Hurricane Irene is slated to hit the eastern United States just days before the six–year anniversary of Hurricane Katrina, and many officials are on the fence about whether to enact mass evacuations.
Hurricane Irene could potentially hit anywhere from North Carolina and New York this weekend, and many officials are left wondering if they should tell tourists to evacuate during the final stretch of the multibillion–dollar summer season.
As of Wednesday, Irene had pummeled the low-laying chain of islands of the Bahamas. Many tourists reportedly cut their vacations short and boarded the last flights out in anticipation of the Category 3 storm. Those who stayed behind braced for violent winds—peaking at 120 miles per hour—and a dangerous storm surge.
With the six–year anniversary of Hurricane Katrina approaching on Monday, visions of what could be are likely to guide the decisions of emergency response teams along the eastern seaboard.
Despite memories of Katrina, a storm that ravaged Louisiana, Mississippi, Florida and Alabama in 2005, killing more than 1,800 people and displacing thousands more, many officials have adopted a wait-and-see attitude for Irene.

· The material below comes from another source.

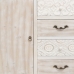 Stolek do haly se zásuvkami DUNE Přírodní Bílý Jedlové dřevo 80 x 40 x 80 cm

"You will never endanger your tourists, but you also don't want to over-inflate the sense of urgency about the storm. And so let's just hang on," North Carolina Gov. Beverly Perdue told the Associated Press on Wednesday. At the same time, she warned to "prepare for the worst."
Irene has already hit Puerto Rico and the Dominican Republic, causing landslides and flooding homes, the AP reports. One woman was killed.
Officials said Irene could cause flooding, power outages or worse as far north as Maine, even if the eye of the storm stays offshore, according to the report.
Hurricane–force winds were expected 50 miles from the center of the storm, the report adds.